14- İntikam Meleği

177 24 7
                                    


Minik okuyucu kitlemize sevgilerle; Umarım beğenirsiniz.

*****

Dizleri artık kendisini taşıyamadığında yavaşladı. Gözlerinde ki perde yavaş yavaş inerken nerede olduğunu bilmediğini fark etti. Gördüğü tek şey karanlık bir ormanın içinde tek başına olduğuydu. Korkması gerekirdi belki ama rahatlamıştı. Şuan bulunduğu bu ruh halindeyken bir insan görmektense bir hayvan tarafından parçalanmayı tercih ederdi... Bu ormanda ölmek istiyordu...

Titrek bir nefes aldı. Neden herşey birden onun başına gelmeye başlamıştı ki! Ne suçu vardı? Kim böyle bir muameleyi hak ederdi!

Hayatı boyunca her zaman sakin bir yaşantısı olmuştu... Hiç bir zaman partilere gitmek ya da popüler olma hayalleri olmamıştı. En uç hayalleri bir gün arkadaşlarının olmasıydı o kadar. Şimdi ise... Birisinin kendisine bakmasına bile tahammülü yoktu sanki. İçini anlamsız bir öfke derin bir nefret kaplamıştı.
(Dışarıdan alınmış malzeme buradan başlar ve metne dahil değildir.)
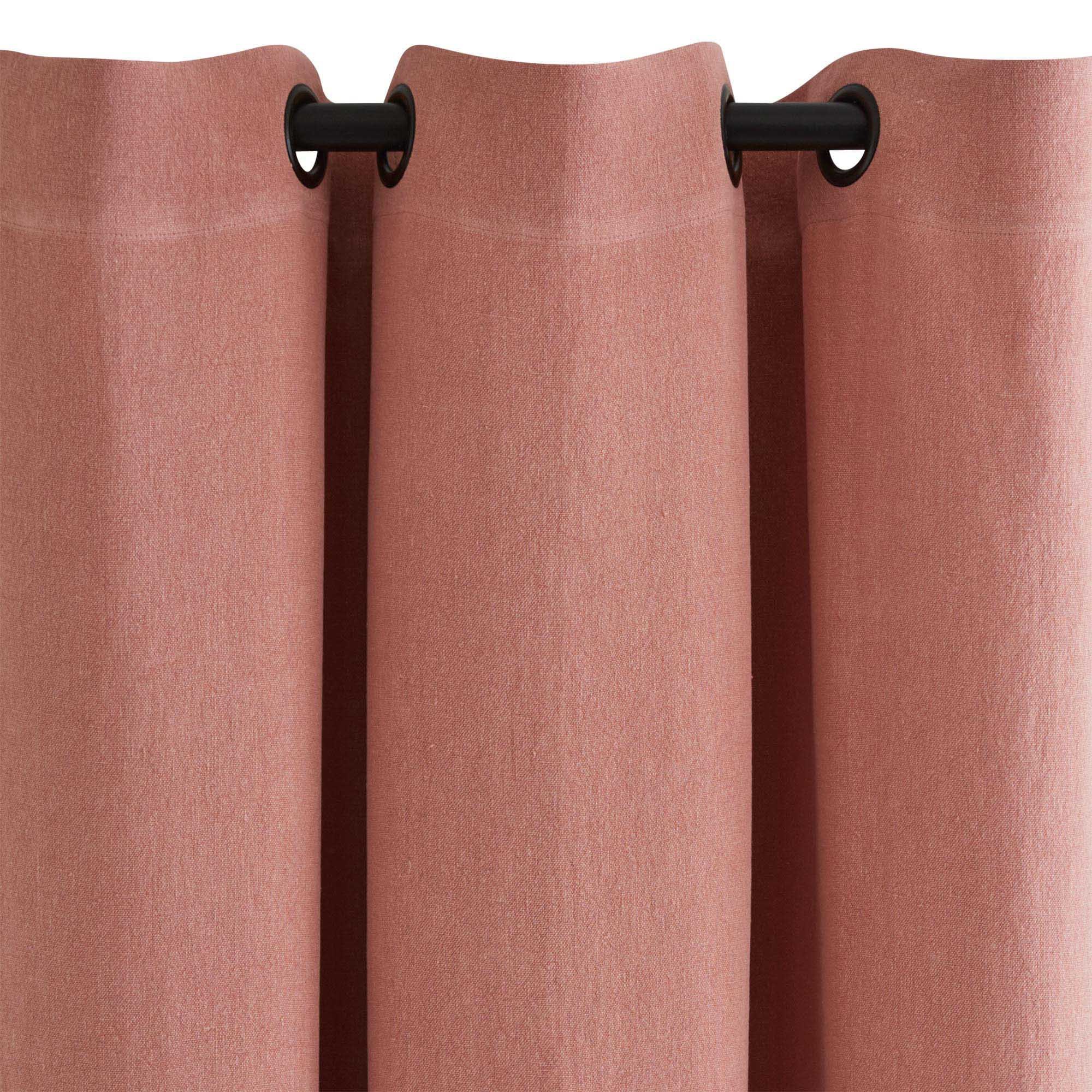 Curtain with black eyelets MADURA Orange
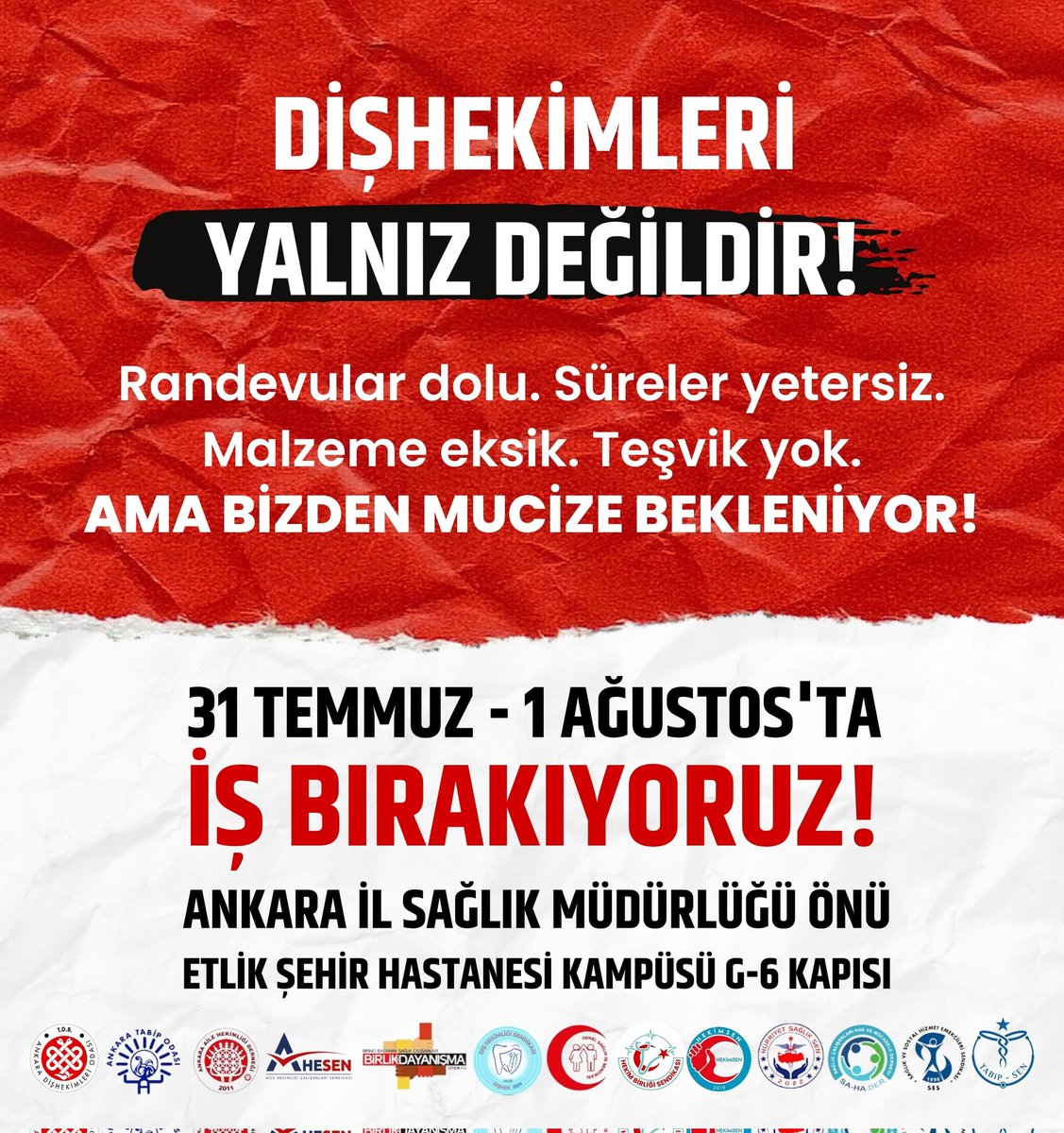 #KamuDişHekimleriEylemi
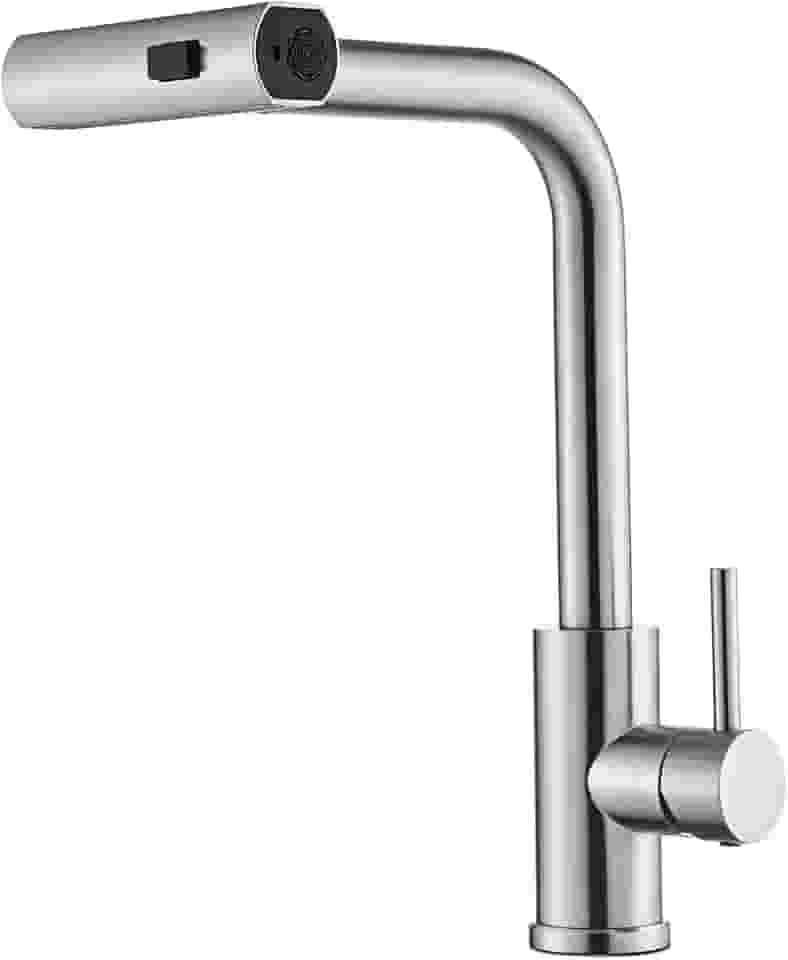 Yesop Torneira De Cozinha Gourmet Inox Escovado Cor Prateado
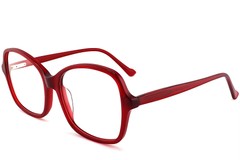 Occhiali in acetato rosso farfalla #BS2012-0384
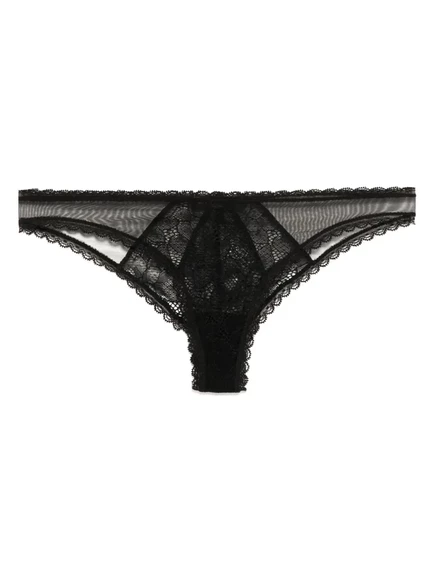 Женские стринги Kiki de Montparnasse Dahlia кружевные, черные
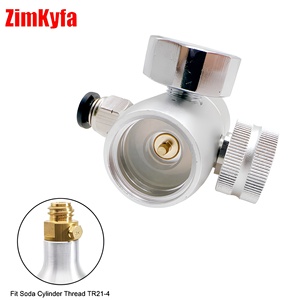 อะแดปเตอร์สถานีเติมถัง CO2 รุ่น TR21 4 กระบอก พร้อมเกจวัดแรงดัน สำหรับเครื่องทำโซดา ระบบเติมคาร์บอเนตในบ้าน - Product Image 5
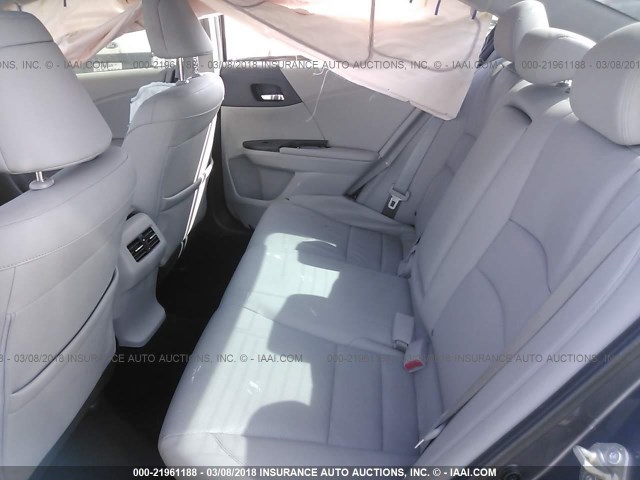 1HGCR2F88FA026247 - 2015 HONDA ACCORD EXL GRAY photo 8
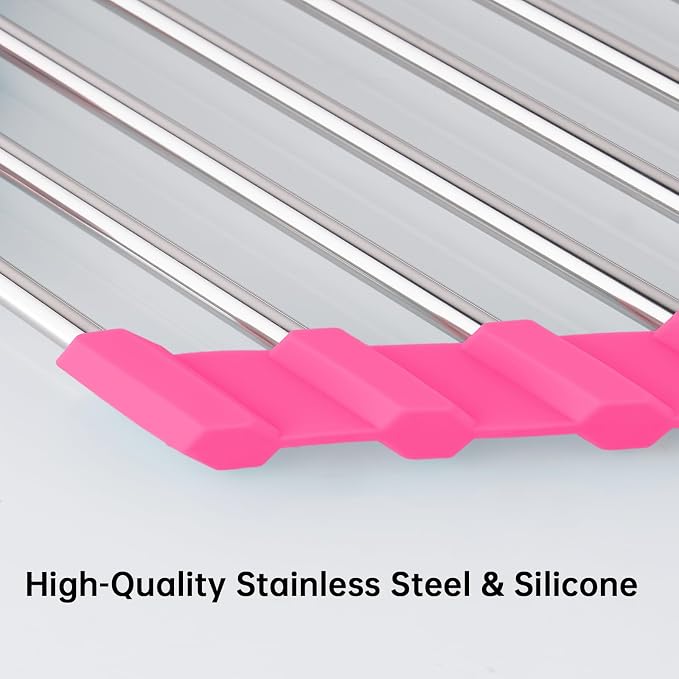 Tomorotec Triangle Roll-Up Dish Drying Rack - Image 3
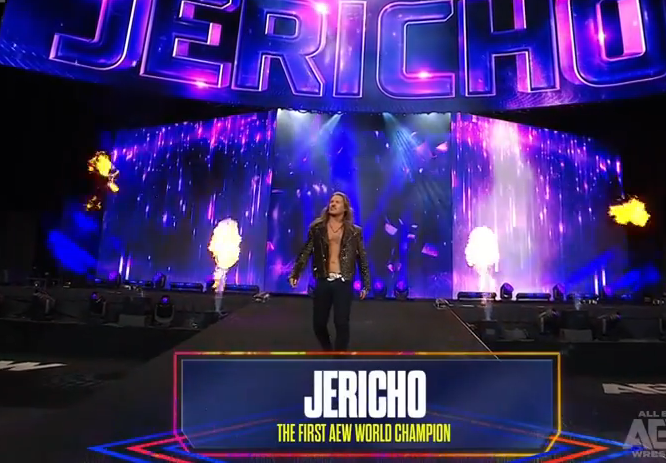 Fightful's tweet image. Chris Jericho's lower third

"JERICHO"

#AEWDynamite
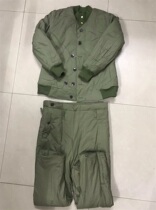 Old Military Cotton Padded Jacket 87 Style Green Army Land Cotton Clothes Pants Pure Cotton Cotton Pants Cotton Winter Thickened Warm Tooling Cotton Padded Jacket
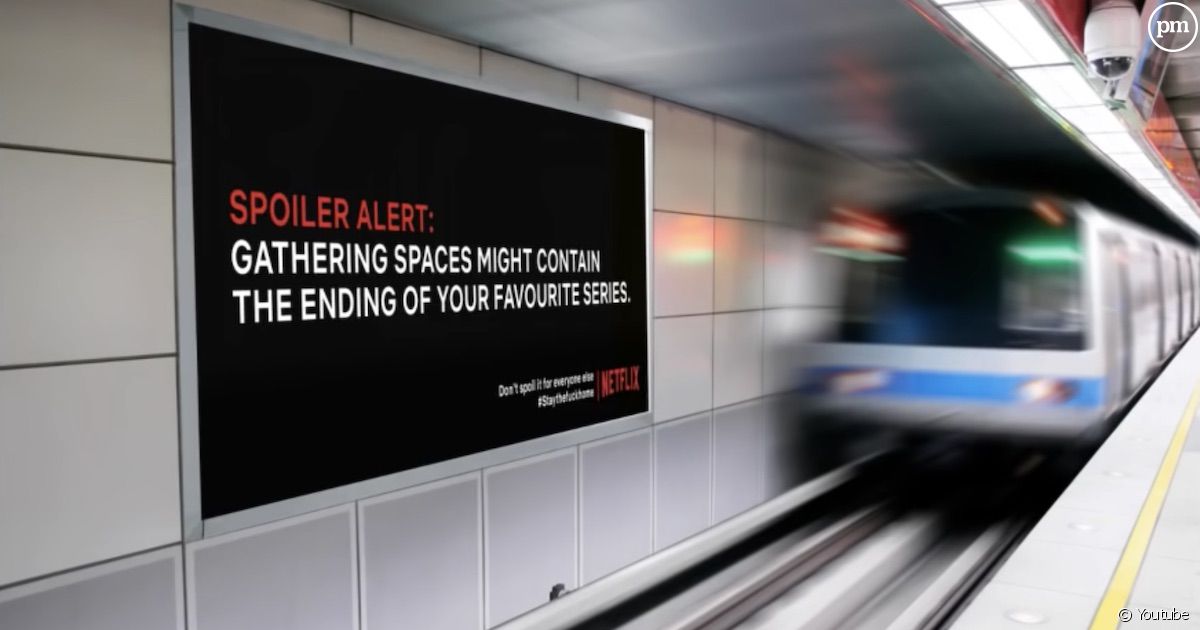 Netflix panneaux spoil metro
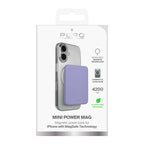 Puro 4200mAh itin plona MagSafe Compatible USB-C išorinė baterija - violetinė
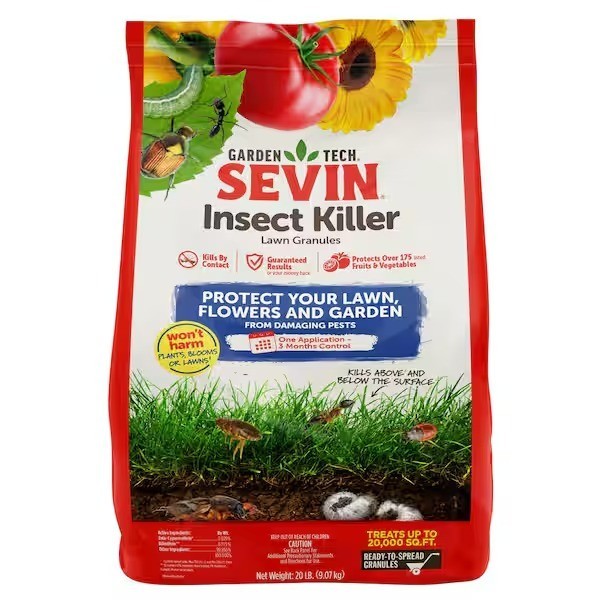 Sevin 20lbs Upto 20,000 sq ft. Lawn & Garden Insect Killer Ready to Use Granules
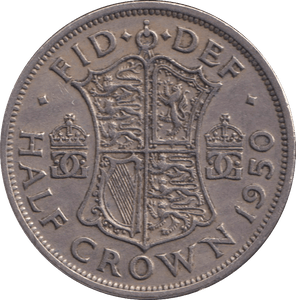 1950 HALFCROWN ( EF ) - HALFCROWN - Cambridgeshire Coins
Hiç susmadan ses telleri kopana kadar çığlık atmak istiyordu sadece ama sesi çıkmıyordu...

Kadın olmak ne de zordu...

Seni koruduğunu hissedeceğin bir babamın olmaması ne de zordu...

"Burda avlanmak yasak" dedi yaşlı adam elinde ki tüfeği sıkıca kavrayarak. Yerde can çekişen yaban domuzuna son bir kez daha baktı genç adam. Gülümserken burnunu çekti ve yavaşça kendisini izleyen adama döndü.

"Avlanmıyorum." dediğinde yaşlı adam tedirginlikle yutkundu.

"Ne yapıyorsun o zaman. O hayvanı bu hale kim getirdi" dediğinde yüzünde ki tedirginlik büyüdü. Genç adamın elinde her hangi bir silah yoktu çünkü. Nasıl olmuştu da yetişkin bir yaban domuzunu çıplak elleriyle parçalamıştı.

Roy'un gülümsemesi genişledi.

"Niyetim avlanmak değildi lakin yabani bir hayvan kedime saldırdı. Ne yapmalıydım?" Diye sorduğunda yaşlı adam ortalıkta bir kedi göremedi. Ama bu durumu üstelemekte istemediğini fark etti. Köpek miydi bu sahibinin yanında dolansın? Belli ki sorunlu bir gençti.

"Herneyse" dedi yine de kendinden taviz vermek istemeyerek. Silahını omzuna taktı ve bir kaç geri adım attıktan sonra Roy'un hala sakin bir şekilde kendisine baktığını görünce hızla arkasını döndü ve yürümeye başladı. Gece gece bir yaban domuzu ölüsü yüzünden başına bela açacak değildi...

Giden adamın arkasından bakan genç adam gözlerini devirerek önününe, yerde yatan domuza döndü yeniden.

Uzaktan mırlayan kedinin sesini duyduğunda istemeden de olsa gülümsedi.

"Korkmana gerek yok artık" dedi Roy kediye seslenerek. Evet, dışarıdan birisi için aklını kaçırdığını söylemek kolaydı ama Roy tuhaf bir şekilde o kedinin kendisini anladığına neredeyse emindi. Üstelik bir haftadır bu ormanda yalnızca o kedi ile iletişim kurabilmişti. Bu, onları geri dönülemez bir arkadaşlığa sürüklemişti ister istemez.

Çalıların arasında sıçrayarak ayaklarının dibine gelen kediye eğilerek başını okşadı genç adam.

"Ben varken bu kadar korkak olma. Gururumu incittin" diyerek kediye yapay bir şekilde kızdığında kedi miyavlayarak yüzünü genç adamın bacağına sürttü. Alaycı bir gülümseme sundu genç adam.

"Hadi gidelim hava kararmaya başladı." Diyerek arkasını döndüğünde, kedinin durmuş bir şekilde hala kendisine baktığını hissettiğinde o da durdu.